EXERCISE MATERIALS below:

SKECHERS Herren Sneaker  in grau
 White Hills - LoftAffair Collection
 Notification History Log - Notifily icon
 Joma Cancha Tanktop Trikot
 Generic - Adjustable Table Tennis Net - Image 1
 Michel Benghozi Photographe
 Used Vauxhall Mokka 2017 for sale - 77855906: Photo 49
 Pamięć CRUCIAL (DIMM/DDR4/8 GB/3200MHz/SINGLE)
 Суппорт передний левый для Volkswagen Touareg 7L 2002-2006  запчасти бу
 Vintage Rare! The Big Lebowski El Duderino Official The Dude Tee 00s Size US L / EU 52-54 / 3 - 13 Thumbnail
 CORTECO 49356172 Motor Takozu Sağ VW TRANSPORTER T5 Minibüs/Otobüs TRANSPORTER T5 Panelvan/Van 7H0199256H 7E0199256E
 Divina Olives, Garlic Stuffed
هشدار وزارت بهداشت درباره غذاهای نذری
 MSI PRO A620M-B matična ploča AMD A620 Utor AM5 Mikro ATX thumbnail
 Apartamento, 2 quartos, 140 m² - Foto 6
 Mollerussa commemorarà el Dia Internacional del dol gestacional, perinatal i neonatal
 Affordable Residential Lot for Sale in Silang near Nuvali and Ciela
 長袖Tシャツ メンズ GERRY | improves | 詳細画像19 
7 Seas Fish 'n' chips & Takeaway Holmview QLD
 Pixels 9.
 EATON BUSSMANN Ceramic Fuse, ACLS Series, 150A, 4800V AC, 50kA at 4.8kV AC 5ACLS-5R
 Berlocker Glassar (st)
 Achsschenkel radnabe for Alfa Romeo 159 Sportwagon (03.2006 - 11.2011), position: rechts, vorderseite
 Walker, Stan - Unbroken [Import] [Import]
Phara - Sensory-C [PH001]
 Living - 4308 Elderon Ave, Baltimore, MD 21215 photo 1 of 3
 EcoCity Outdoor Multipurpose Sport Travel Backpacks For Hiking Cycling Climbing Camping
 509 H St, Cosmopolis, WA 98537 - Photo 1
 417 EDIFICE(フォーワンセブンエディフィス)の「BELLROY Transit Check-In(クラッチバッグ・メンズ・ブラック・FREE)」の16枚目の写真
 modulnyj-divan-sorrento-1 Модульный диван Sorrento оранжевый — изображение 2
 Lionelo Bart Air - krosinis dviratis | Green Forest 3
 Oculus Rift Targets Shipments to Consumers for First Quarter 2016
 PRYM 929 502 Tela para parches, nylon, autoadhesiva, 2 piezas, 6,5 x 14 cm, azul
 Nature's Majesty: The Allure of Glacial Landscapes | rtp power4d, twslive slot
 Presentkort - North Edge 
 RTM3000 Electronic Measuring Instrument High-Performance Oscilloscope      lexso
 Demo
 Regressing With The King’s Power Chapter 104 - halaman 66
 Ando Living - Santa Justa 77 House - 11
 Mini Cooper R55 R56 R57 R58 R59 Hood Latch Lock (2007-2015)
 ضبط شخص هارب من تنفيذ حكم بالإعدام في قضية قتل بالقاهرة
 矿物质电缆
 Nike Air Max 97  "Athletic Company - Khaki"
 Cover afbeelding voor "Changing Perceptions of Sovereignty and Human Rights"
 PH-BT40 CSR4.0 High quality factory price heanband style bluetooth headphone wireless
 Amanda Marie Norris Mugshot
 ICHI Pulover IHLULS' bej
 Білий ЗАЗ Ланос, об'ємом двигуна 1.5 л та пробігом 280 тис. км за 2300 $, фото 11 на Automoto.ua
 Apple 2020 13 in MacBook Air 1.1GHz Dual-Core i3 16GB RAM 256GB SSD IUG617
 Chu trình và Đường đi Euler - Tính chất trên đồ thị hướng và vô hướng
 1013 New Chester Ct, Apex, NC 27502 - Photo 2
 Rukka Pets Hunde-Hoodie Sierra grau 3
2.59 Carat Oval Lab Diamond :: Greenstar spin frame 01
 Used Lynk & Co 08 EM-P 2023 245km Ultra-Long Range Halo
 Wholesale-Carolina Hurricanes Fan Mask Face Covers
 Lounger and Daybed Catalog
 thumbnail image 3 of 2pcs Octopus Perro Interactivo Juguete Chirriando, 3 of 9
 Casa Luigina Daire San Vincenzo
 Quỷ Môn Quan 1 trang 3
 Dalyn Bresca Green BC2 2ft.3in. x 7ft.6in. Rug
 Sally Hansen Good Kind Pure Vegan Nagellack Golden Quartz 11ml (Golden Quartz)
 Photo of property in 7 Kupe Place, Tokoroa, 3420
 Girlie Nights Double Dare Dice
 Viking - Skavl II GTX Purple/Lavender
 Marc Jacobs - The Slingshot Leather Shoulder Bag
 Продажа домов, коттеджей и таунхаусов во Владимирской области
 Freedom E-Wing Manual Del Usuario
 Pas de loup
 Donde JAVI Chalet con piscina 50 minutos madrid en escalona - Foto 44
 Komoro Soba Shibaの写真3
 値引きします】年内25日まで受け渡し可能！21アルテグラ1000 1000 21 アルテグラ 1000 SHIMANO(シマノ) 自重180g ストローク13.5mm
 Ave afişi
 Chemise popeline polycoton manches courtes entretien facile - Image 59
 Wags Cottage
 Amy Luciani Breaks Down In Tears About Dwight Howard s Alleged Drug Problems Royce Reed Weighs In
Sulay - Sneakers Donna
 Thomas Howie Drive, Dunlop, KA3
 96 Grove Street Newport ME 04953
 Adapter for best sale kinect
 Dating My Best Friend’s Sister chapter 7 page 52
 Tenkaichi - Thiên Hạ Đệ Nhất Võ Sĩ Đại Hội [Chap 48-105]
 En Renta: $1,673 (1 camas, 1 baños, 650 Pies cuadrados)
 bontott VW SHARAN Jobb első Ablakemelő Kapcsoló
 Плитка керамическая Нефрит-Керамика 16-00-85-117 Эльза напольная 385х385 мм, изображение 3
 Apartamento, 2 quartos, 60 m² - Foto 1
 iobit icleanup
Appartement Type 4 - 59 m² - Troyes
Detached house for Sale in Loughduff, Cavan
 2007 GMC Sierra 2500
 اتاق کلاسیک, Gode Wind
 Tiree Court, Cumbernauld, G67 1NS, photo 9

End of EXERCISE MATERIALS.

* [WHAT IS REQUIRED]: What is needed is a verbatim copy of every line in the records above from the one containing "EATON BUSSMANN Ceramic" down to the one containing "Walker, Stan - Unbroken [Import] [Import]", both included, and nothing more.

* [WRITTEN ANSWER]:
 EATON BUSSMANN Ceramic Fuse, ACLS Series, 150A, 4800V AC, 50kA at 4.8kV AC 5ACLS-5R
 Berlocker Glassar (st)
 Achsschenkel radnabe for Alfa Romeo 159 Sportwagon (03.2006 - 11.2011), position: rechts, vorderseite
 Walker, Stan - Unbroken [Import] [Import]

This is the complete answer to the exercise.